[Directions for this task]:
Copy all of the data below without altering a single line.

══ Supplied material

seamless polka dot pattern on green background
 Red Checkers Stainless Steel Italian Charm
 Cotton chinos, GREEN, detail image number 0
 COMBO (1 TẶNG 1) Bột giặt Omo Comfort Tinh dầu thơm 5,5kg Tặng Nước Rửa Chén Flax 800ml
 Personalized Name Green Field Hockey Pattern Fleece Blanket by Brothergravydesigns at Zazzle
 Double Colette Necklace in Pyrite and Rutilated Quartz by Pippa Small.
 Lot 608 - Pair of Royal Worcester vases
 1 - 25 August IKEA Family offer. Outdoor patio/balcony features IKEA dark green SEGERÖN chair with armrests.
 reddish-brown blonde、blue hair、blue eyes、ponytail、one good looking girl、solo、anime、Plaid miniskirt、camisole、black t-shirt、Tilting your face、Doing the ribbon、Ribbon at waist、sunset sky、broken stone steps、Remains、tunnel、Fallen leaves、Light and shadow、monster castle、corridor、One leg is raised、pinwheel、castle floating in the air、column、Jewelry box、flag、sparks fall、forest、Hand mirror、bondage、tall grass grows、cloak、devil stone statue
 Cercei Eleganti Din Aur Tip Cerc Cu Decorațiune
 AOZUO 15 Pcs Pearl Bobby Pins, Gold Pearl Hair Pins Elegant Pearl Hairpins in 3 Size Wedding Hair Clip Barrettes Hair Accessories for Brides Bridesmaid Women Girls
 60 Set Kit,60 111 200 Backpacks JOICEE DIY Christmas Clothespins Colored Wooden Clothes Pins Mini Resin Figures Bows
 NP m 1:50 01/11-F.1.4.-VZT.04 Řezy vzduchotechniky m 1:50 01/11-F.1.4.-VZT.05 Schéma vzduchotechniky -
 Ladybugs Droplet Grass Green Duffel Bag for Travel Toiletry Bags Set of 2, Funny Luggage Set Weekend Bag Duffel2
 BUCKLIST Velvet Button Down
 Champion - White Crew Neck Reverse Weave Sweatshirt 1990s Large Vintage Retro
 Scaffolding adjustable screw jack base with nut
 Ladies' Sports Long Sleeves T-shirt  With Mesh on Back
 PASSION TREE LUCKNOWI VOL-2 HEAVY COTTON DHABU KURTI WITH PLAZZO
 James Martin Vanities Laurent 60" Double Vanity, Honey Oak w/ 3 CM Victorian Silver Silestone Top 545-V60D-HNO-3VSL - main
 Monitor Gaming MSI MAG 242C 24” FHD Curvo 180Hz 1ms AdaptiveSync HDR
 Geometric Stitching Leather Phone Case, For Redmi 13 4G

════

[Response to the task]:
seamless polka dot pattern on green background
 Red Checkers Stainless Steel Italian Charm
 Cotton chinos, GREEN, detail image number 0
 COMBO (1 TẶNG 1) Bột giặt Omo Comfort Tinh dầu thơm 5,5kg Tặng Nước Rửa Chén Flax 800ml
 Personalized Name Green Field Hockey Pattern Fleece Blanket by Brothergravydesigns at Zazzle
 Double Colette Necklace in Pyrite and Rutilated Quartz by Pippa Small.
 Lot 608 - Pair of Royal Worcester vases
 1 - 25 August IKEA Family offer. Outdoor patio/balcony features IKEA dark green SEGERÖN chair with armrests.
 reddish-brown blonde、blue hair、blue eyes、ponytail、one good looking girl、solo、anime、Plaid miniskirt、camisole、black t-shirt、Tilting your face、Doing the ribbon、Ribbon at waist、sunset sky、broken stone steps、Remains、tunnel、Fallen leaves、Light and shadow、monster castle、corridor、One leg is raised、pinwheel、castle floating in the air、column、Jewelry box、flag、sparks fall、forest、Hand mirror、bondage、tall grass grows、cloak、devil stone statue
 Cercei Eleganti Din Aur Tip Cerc Cu Decorațiune
 AOZUO 15 Pcs Pearl Bobby Pins, Gold Pearl Hair Pins Elegant Pearl Hairpins in 3 Size Wedding Hair Clip Barrettes Hair Accessories for Brides Bridesmaid Women Girls
 60 Set Kit,60 111 200 Backpacks JOICEE DIY Christmas Clothespins Colored Wooden Clothes Pins Mini Resin Figures Bows
 NP m 1:50 01/11-F.1.4.-VZT.04 Řezy vzduchotechniky m 1:50 01/11-F.1.4.-VZT.05 Schéma vzduchotechniky -
 Ladybugs Droplet Grass Green Duffel Bag for Travel Toiletry Bags Set of 2, Funny Luggage Set Weekend Bag Duffel2
 BUCKLIST Velvet Button Down
 Champion - White Crew Neck Reverse Weave Sweatshirt 1990s Large Vintage Retro
 Scaffolding adjustable screw jack base with nut
 Ladies' Sports Long Sleeves T-shirt  With Mesh on Back
 PASSION TREE LUCKNOWI VOL-2 HEAVY COTTON DHABU KURTI WITH PLAZZO
 James Martin Vanities Laurent 60" Double Vanity, Honey Oak w/ 3 CM Victorian Silver Silestone Top 545-V60D-HNO-3VSL - main
 Monitor Gaming MSI MAG 242C 24” FHD Curvo 180Hz 1ms AdaptiveSync HDR
 Geometric Stitching Leather Phone Case, For Redmi 13 4G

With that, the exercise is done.